Unnamed: 0,date,text
35982,2017-11-23,"['9335305708', '6441472', '0', '2017-11-', '23', '00:00', ':', '06', '-', '03', '<YahooFinance>', '‘', 'Scandal', '’', 'creator', '@shondarhimes', ':', 'Why', 'I', 'left', 'ABC', 'for', 'Netflix', 'DIS', 'NFLX', '@JPManga']"
35957,2017-11-23,"['9336824366', '9682585', '6', '2017-11-', '23', '10:03', ':', '34', '-', '03', '<amyhalutao>', 'Netflix', 'Inc', '.', 'NFLX', 'Stock', 'Live', 'Analysis', '05-01-', '2017', '#stock']"
35956,2017-11-23,"['9336825822', '8536524', '9', '2017-11-', '23', '10:04', ':', '09', '-', '03', '<Margare30926081>', 'Netflix', 'NFLX', 'Market', 'Valuation', 'Rose', 'While', 'Parkwood', 'Trimmed', 'by', '2.84', 'Million', 'Its', 'Holding', '...']"
35955,2017-11-23,"['9337016716', '2406912', '6', '2017-11-', '23', '11:20', ':', '00', '-', '03', '<JPDesloges>', '#Netflix', ':', 'Strong', 'Price', 'Compression', 'from', 'a', 'Daily', 'Rising', 'Wedge', '#Technical', '#Pattern', '(', 'red', ')', 'NFLX', '#Trading', '#investing', '#nflx', '#risk', '#stocks', '#technology']"
35954,2017-11-23,"['9337208997', '18610945', '2017-11-', '23', '12:36', ':', '24', '-', '03', '<TheCloudNetwork>', 'VMware', '»', 'Analysts', 'think', 'these', ""stock's"", 'can', 'be', 'a', 'game', 'changer', ':', 'Netflix', ',', 'Inc', '.', ',', '(', 'NASDAQ', ':', 'NFLX', ')', ',', 'Retail', '...', 'via', 'TheCloudNetwork', '☁', '️', '#Opines', 'on', '#VMware']"


In [4]:
tweets['date'] = pd.to_datetime(tweets.date)

In [5]:
import nltk
from nltk.tokenize import word_tokenize
from nltk.stem.snowball import SnowballStemmer
from nltk.stem import WordNetLemmatizer

from sklearn.feature_extraction import text
extra = []
extra = [e.lower() for e in extra]
stop_words = text.ENGLISH_STOP_WORDS.union(extra)

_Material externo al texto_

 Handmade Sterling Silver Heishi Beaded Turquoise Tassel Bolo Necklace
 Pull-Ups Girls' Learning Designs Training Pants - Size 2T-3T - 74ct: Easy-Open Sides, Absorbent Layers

# stemming resuelve terminaciones y derivaciones de palabras, pero sin una base morfológica
#stemmer    = SnowballStemmer("english") 
# resuelve en base a un diccionario morfológico de las palabras
#lemmatizer = WordNetLemmatizer()

def preprocessing_text(texto):
    # lemmatizer 
    #words = lemmatizer.lemmatize(texto)
    words = word_tokenize(texto)
    words = [w for w in words if (len(w) >= 3) and (w not in stop_words)]
    #words = [stemmer.stem(w) for w in words]
    return words 

In [6]:
from nltk.sentiment.vader import SentimentIntensityAnalyzer
nltk.download('vader_lexicon')

[nltk_data] Downloading package vader_lexicon to
[nltk_data]     /Users/arturo.torrestey/nltk_data...
[nltk_data]   Package vader_lexicon is already up-to-date!


True

In [7]:
# inicializo el SentimentIntensityAnalyzer
sid = SentimentIntensityAnalyzer()

def vader_sent_analyzer(texto):
    # calculo el compound ratio promedio de la sentences que se encuentran en texto
    # texto viene como una lista de palabras
    pos_val = []
    neg_val = []
    neu_val = []
    for sent in texto:
        ss = sid.polarity_scores(sent)
        pos_val.append(ss['pos'])
        neg_val.append(ss['neg'])
        neu_val.append(ss['neu'])
        
    return (np.mean(pos_val), np.mean(neg_val), np.mean(neu_val))

In [8]:
# Calculo de polaridad
        
# preproceso los datos de la columna texto y defino el vader compound ratio
tweets['tuplas'] = [vader_sent_analyzer(preprocessing_text(t)) for t in tweets.text]
tweets['pos'] = tweets['tuplas'].apply(lambda x: x[0])
tweets['neg'] = tweets['tuplas'].apply(lambda x: x[1])
tweets['neu'] = tweets['tuplas'].apply(lambda x: x[2])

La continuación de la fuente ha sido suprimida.